DATA FOR THE TASK:
==============================

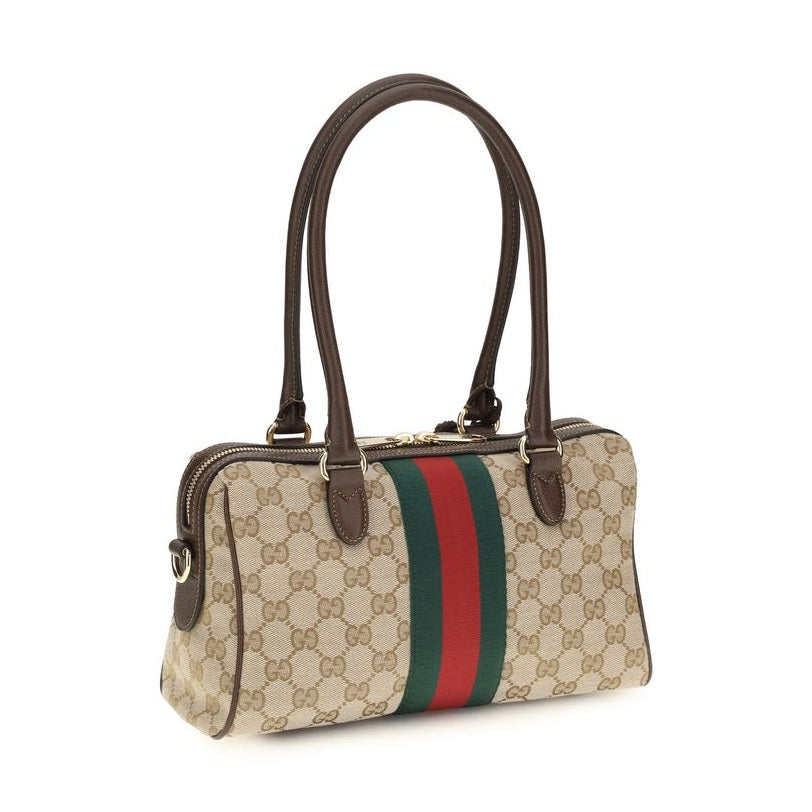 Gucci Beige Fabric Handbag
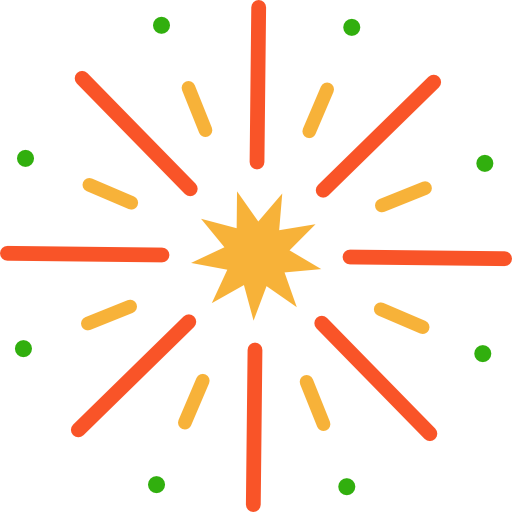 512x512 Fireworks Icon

==============================

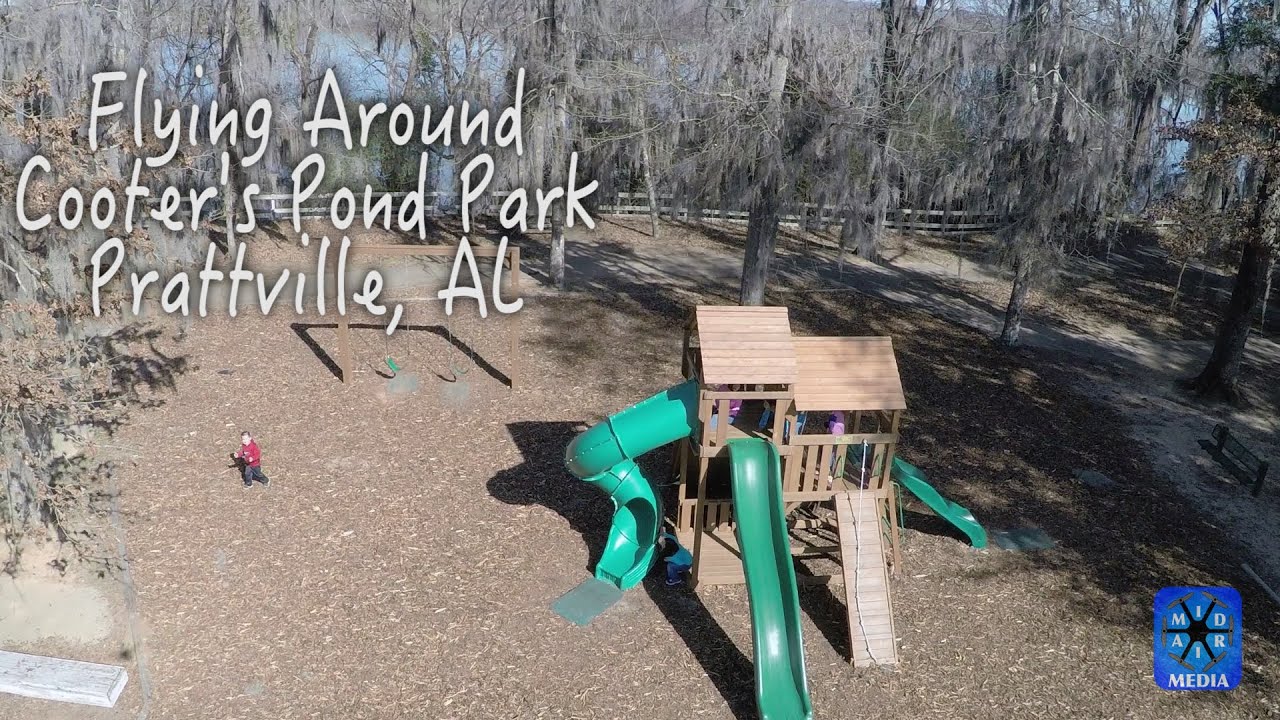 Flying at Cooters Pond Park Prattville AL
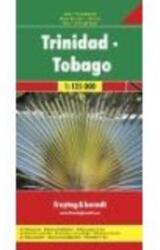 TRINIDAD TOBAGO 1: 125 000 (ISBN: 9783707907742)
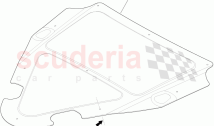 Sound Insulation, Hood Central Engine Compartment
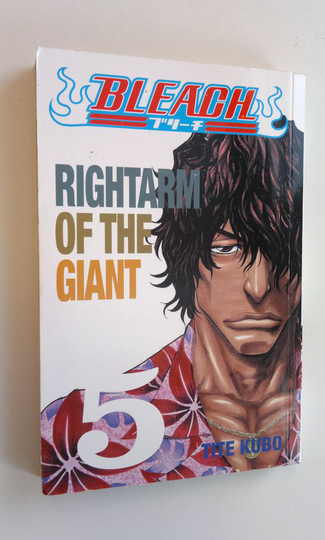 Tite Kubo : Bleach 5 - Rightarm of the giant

==============================

WHAT THE TASK REQUIRES: Everything from the line above that contains "Gucci Beige Fabric Handbag" down to the line that contains "512x512 Fireworks Icon" must be reproduced exactly, both ends included. Omit the pictures.

EXERCISE ANSWER:
 Gucci Beige Fabric Handbag
 512x512 Fireworks Icon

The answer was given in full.